At this point, we will save the input data schema to be used later in the deployed Spark streaming application.

In [None]:
reviews_spark.printSchema()

with open('schema.json','w') as f:
    f.write(str(reviews_spark.schema.json()))

## Now let's define all the stages for the pipeline

The Spark pipelines are composed of various transformers. In our example, we combine a few Spark transformers to clean up textual data and transform it into numerical format. The pipeline is finalized by training an H2O XGBoost binomial model.

> Note: The pipeline stages are not executed right away, they are executed during each fit and transform call.

### Define transformer to drop unnecessary columns
The Spark `SQLTransformer` allows for using SQL to munge data.

As part of this transformer, we convert timestamp to a human readable date string.

For this example, we are selecting just the `Score`, `Time` and `Summary` columns. The goal of this analysis is to predict sentiment, i.e., whether the review is positive or negative. The review can be influenced by several aspects. The `Summary` is of course the mostly important information, but `Time` can influence the model as well. For example, people may tend to give higher reviews on Friday evenings because there's a weekend in front of them. :)

In [None]:
from pyspark.ml.feature import SQLTransformer
colSelect = SQLTransformer(
    statement="SELECT Score, from_unixtime(Time) as Time, Summary FROM __THIS__")
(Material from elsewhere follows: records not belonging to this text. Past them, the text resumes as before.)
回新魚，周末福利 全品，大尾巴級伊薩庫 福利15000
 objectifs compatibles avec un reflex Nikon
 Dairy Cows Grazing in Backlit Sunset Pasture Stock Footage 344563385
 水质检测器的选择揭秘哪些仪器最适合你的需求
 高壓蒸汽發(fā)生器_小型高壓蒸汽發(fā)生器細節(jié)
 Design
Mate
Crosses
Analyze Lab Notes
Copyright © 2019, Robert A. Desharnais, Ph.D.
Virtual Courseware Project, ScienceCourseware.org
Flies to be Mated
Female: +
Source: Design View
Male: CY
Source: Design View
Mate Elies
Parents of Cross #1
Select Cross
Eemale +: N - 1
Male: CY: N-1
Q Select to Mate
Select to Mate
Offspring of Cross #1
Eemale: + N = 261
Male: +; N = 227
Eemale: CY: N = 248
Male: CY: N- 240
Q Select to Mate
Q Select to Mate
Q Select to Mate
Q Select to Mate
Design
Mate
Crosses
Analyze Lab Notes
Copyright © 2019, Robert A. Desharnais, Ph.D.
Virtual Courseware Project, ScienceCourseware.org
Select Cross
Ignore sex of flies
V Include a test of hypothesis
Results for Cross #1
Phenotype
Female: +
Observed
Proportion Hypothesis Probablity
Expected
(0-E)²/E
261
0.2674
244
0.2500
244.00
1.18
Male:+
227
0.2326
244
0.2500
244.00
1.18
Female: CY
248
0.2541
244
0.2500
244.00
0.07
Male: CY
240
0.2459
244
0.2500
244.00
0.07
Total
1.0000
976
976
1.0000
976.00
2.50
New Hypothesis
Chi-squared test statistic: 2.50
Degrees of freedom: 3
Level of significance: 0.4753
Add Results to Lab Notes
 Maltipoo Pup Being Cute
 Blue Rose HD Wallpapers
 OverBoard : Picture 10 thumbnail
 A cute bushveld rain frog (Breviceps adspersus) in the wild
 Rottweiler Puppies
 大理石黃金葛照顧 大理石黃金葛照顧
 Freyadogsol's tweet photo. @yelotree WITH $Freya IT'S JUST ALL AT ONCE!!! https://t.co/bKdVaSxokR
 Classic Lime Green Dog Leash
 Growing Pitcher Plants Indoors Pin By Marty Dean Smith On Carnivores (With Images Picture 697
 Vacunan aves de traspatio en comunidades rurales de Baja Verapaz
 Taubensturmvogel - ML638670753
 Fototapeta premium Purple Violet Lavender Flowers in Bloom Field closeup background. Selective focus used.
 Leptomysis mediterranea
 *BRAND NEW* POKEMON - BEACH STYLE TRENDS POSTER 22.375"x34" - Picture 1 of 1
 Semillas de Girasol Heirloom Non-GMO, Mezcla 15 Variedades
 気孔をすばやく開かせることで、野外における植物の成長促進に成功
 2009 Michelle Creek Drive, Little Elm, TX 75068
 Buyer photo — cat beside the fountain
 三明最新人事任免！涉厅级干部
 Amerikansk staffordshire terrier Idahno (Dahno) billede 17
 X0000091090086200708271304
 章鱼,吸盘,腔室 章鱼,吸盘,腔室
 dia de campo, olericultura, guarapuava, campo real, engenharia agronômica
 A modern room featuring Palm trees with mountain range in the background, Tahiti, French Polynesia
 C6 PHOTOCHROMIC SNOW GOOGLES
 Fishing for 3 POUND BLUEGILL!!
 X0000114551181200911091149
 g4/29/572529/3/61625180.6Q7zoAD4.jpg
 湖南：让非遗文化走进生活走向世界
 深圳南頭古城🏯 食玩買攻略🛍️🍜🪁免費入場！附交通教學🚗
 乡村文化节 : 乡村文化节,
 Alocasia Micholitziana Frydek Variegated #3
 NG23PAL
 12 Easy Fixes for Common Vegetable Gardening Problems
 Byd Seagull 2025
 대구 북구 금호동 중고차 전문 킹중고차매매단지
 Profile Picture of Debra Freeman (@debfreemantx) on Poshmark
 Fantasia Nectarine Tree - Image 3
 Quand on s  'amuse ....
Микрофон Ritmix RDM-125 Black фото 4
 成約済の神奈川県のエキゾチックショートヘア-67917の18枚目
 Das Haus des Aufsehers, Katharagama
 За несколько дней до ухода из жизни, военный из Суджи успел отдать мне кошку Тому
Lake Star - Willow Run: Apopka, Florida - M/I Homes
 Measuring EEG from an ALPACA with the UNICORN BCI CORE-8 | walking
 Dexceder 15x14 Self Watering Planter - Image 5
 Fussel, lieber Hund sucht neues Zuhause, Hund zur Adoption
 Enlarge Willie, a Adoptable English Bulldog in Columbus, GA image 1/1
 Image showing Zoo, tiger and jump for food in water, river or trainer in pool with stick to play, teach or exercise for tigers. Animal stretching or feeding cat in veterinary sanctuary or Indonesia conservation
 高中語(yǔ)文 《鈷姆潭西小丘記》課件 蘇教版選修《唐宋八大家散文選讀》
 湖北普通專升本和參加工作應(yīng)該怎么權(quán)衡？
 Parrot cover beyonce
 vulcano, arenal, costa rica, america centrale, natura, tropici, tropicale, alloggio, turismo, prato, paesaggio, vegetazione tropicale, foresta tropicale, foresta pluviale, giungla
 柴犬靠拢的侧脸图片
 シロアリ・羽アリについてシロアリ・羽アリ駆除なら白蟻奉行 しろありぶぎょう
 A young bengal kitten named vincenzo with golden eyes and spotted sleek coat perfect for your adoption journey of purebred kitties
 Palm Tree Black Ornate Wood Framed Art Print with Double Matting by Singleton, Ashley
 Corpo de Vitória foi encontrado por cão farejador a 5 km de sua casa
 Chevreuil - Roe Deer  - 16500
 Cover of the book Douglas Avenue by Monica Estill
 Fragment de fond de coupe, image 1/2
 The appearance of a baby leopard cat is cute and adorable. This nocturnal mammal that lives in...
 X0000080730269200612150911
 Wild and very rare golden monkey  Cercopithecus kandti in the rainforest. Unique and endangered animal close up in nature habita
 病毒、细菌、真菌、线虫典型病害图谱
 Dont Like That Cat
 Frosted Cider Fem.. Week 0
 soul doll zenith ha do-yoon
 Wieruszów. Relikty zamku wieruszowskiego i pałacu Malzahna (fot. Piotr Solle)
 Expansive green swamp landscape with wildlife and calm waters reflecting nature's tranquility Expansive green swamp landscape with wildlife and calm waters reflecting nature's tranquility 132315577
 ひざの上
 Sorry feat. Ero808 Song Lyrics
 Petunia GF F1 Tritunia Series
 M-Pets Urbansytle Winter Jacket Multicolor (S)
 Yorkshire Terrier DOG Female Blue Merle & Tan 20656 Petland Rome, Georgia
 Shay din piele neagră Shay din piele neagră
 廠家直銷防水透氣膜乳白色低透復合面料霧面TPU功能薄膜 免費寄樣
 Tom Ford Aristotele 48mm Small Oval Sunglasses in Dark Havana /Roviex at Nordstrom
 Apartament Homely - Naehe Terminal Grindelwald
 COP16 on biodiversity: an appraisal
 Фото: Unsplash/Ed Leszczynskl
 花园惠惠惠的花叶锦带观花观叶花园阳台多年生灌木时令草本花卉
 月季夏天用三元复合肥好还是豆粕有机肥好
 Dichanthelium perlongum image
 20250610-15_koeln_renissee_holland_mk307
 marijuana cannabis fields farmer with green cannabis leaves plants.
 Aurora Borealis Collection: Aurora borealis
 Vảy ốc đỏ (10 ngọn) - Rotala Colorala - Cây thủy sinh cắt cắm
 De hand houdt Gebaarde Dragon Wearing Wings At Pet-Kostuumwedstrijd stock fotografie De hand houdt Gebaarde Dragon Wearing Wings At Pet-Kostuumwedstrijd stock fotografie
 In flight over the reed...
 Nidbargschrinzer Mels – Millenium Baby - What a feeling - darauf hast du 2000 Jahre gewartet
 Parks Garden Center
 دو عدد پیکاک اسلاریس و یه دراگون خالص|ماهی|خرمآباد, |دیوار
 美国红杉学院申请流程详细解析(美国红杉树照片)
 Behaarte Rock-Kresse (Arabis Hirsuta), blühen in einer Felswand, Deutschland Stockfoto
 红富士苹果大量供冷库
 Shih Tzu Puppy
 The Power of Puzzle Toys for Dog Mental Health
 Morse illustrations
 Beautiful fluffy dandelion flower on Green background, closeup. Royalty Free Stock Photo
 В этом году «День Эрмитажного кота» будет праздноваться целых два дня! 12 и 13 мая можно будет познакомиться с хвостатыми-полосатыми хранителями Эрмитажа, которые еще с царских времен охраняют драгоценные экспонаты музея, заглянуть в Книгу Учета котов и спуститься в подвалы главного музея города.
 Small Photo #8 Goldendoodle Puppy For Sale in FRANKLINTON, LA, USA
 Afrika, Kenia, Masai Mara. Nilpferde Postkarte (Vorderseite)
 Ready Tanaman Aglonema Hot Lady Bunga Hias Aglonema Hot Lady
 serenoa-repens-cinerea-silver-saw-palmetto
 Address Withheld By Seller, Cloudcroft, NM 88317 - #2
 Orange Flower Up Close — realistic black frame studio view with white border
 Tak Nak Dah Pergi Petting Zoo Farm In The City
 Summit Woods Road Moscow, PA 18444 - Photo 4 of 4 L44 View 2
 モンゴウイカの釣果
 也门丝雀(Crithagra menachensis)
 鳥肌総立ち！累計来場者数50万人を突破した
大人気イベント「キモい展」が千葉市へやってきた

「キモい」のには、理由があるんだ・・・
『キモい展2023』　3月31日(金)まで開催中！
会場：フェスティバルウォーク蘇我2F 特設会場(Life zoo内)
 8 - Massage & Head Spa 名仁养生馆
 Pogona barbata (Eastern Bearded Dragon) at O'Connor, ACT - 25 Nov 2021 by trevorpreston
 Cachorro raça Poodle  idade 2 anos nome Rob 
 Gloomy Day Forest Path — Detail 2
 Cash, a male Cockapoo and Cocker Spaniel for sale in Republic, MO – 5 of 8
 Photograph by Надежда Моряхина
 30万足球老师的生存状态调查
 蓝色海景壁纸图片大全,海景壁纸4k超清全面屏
#### Trick #2: Explore intermediate results
To explore intermediate results, we can invoke the defined transformer directly. Note that this will cause Spark to execute the transformer as well as all unevaluated upstream code. 

In [None]:
selected = colSelect.transform(reviews_spark)
selected.show()

### Define transformer to create multiple time features based on the `Time` column

The `Time` column is stored internally as a timestamp. To be useful in modeling, we need to extract the time information in a format that is understandable by the predictive algorithms we employ. We can use SparkSQL data methods such as `month`, `dayofmonth`, etc. to engineer multiple new features from the timestamp information. 

In [None]:
refineTime = SQLTransformer(
    statement="""
    SELECT  Score,
            Summary, 
            dayofmonth(Time) as Day, 
            month(Time) as Month, 
            year(Time) as Year, 
            weekofyear(Time) as WeekNum, 
            date_format(Time, 'EEE') as Weekday, 
            hour(Time) as HourOfDay, 
            IF(date_format(Time, 'EEE')='Sat' OR date_format(Time, 'EEE')='Sun', 1, 0) as Weekend, 
            CASE 
                WHEN month(TIME)=12 OR month(Time)<=2 THEN 'Winter' 
                WHEN month(TIME)>=3 OR month(Time)<=5 THEN 'Spring' 
                WHEN month(TIME)>=6 AND month(Time)<=9 THEN 'Summer' 
                ELSE 'Fall' END as Season 
    FROM __THIS__""")

Now inspect the updated data

In [None]:
refined = refineTime.transform(selected)
refined.show()

### Remove neutral reviews and classify the Scores

We are not interested in the neutral reviews (reviews with the `Score=3`) as they would not add much information to the model. This is a fairly standard approach in NPS (net promoter score) type analyses, and common in particular in sentiment analysis. 

In [None]:
from pyspark.sql.types import FloatType
from pyspark.sql.functions import col, udf
from pyspark.ml import Pipeline
from pyspark.ml.feature import Tokenizer, RegexTokenizer, StopWordsRemover, IDF, CountVectorizer

filterScore = SQLTransformer(
    statement="""
    SELECT  IF(Score<3,'NEGATIVE', 'POSITIVE') as Sentiment, Summary, Day, Month, Year,
            WeekNum, Weekday, HourOfDay, Weekend, Season 
    FROM __THIS__ WHERE Score !=3 """)

 Inspect the data

In [None]:
filtered = filterScore.transform(refined)
filtered.show()

### Tokenize the message

Here we use Spark's [RegexTokenizer](https://spark.apache.org/docs/2.1.0/ml-features.html#tokenizer) to tokenize the messages.

In [None]:
regexTokenizer = RegexTokenizer(inputCol="Summary",
                                outputCol="tokenized_summary",
                                pattern="[, ]",
                                toLowercase=True)

Inspect the data

In [None]:
tokenized = regexTokenizer.transform(filtered)
tokenized.show()

### Remove unnecessary words

Some words do not bring much information for the resulting model. For this, we use Spark's [StopWordsRemover](https://spark.apache.org/docs/2.1.0/ml-features.html#stopwordsremover) to clean the data.

In [None]:
stopWordsRemover = StopWordsRemover(inputCol=regexTokenizer.getOutputCol(),
                                    outputCol="CleanedSummary",
                                    caseSensitive=False)

Inspect the data

In [None]:
stopWordsRemoved = stopWordsRemover.transform(tokenized)
stopWordsRemoved.select(["Sentiment", "Summary", "CleanedSummary"]).show()

### Hash the words

NLP (natural language processing) for predictive modeling is based on the idea that text can be represented as numeric values. These values are then fed into any algorithm the user chooses. One choice of numeric representation uses [CountVectorizer](https://spark.apache.org/docs/2.1.0/ml-features.html#countvectorizer).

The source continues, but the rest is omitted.